Впрочем, повествование Клэр Томалин несколько портит «знание post factum» - она не только пишет «биографию гениальной писательницы», что понятно и извинительно – иначе зачем же браться за подобный труд? – но и временами склонна судить и обсуждать отношение родных и просто современников к Джейн с точки зрения ее последующей славы. Но для них она была просто сестрой, тетушкой, знакомой: умной, манерной (иногда довольно неприятной), не знающей светского общества, остроумной – отзывы легко можно перебирать дальше, но вот особенного выделения писательства, самого культа «авторства» здесь не было. Ведь Остин писала романы «обыденные»: о каких-то провинциальных, сельских семействах, часть которых принадлежала к аристократии (не к высшей), а часть – к джентри. В этих романах не происходило ничего экстраординарного – обычные заботы сельских леди.

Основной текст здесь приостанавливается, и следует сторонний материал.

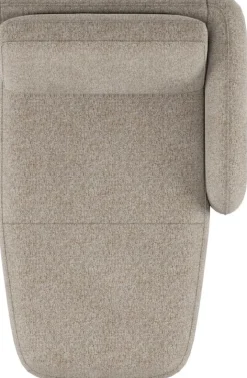 Merano longchair rechts - XOOON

Они все посвящены одному, важнейшему периоду в жизни женщины, когда она решает свою судьбу и делает свою брачную карьеру – тому, что находится в центре переживаний не только ее самой, но и ее матушки, тетушек, соседок, то, что они обсуждают в частных разговорах – как в устных, так и продолжающихся в письмах. Остин пишет о том, что сама знает – по существу, о единственной части жизни, ей глубоко известной. Как показывает Томалин, она не берет сюжеты из жизни – в биографиях ее родных и знакомых нашлось бы достаточное их число для пары дюжин романов – но ее воображаемые миры выстроены из элементов, почти без остатка заимствованных из непосредственного окружения.

Отсюда и отношение к ней – «сестра» или «тетя Джейн» пишет «прелестные романы», которые при этом не воспринимаются как «большая литература»: английская проза второй половины XVIII – начала XIX имеет массу подобных авторов, дам – вдов, старых дев или замужних, которые помимо прочих своих дел еще и пишут длинные повествования на привычные мотивы – о юных девушках, прекрасных юношах, добродетельных или распущенных джентльменах, недалеких отцах семейств, простоватых матушках, неприятных или, наоборот, очень ласковых тетушках и т.п. Она не была «Автором» - такая позиция существовала для мужчин, пишущих «серьезные», «большие» вещи (вроде сэра Вальтера Скотта, который вместе с современниками не смел предполагать, что его романы перейдут несколько поколений спустя в разряд «детского чтения», но который, однако, как «автор» был поэтом – напомним, что романы публиковались им в условиях анонимности, становившейся, впрочем, со временем все более «прозрачной») или для эмансипированных дам, вроде Жермены де Сталь, разочарованной встречей с Остин, не найдя в ней ничего, способного ее заинтересовать. Что, впрочем, неудивительно – ведь Остин так и осталась дочерью священника из северного Хэмпшира, живущей вместе со стареющей и все сильнее прихварывающей матушкой, поглощенной заботами своих братьев и их разрастающихся семейств.

Один из основных источников очарования ее романов – ирония, когда не только диалоги, но и описания – не рассказывают, а показывают, когда из повествования, изобилующего оценками, перед нами раскрывается ситуация, совершенно иная, чем заявлена в авторских репликах. Но эта ирония рождается и из привычного чтения изобильной семейной переписки, где о событиях и людях судят, не принимая данные оценки, а воспринимая их лишь как еще одно сообщение, из опыта провинциальных разговоров, где «благопристойная речь» развивает (особенно при наблюдательном и остром уме) искусство умолчаний и косвенных высказываний. Остин, безусловно, ценила свои романы – равно как способны были оценить ее дарование по крайней мере многие из ее родных. Ценила, но все-таки не помещала их в центр жизни – она была незамужней девушкой, а затем незамужней дамой из семейства Остинов, которая, помимо прочего, писала романы – писала в молодости, до 25 лет успев написать три первых, включая принесшую ей много лет спустя известность и до сих пор остающуюся наиболее популярной «Гордость и предубеждение», а затем – в семейных хлопотах, заботах и неурядицах на десять с лишним лет оставившей писательство, чтобы затем, в последние годы, написать еще три шедевра – «Мейнсфилд-парк», «Эмму» и «Доводы рассудка». Здесь писательство – не жизнь и даже не главное в жизни, а то, чем случается заняться, когда для этого есть время. А жизнь – жизнь срастается из повседневности, той самой, в которой «не было ничего особенно примечательного» и искусство описания которой она довела до совершенства.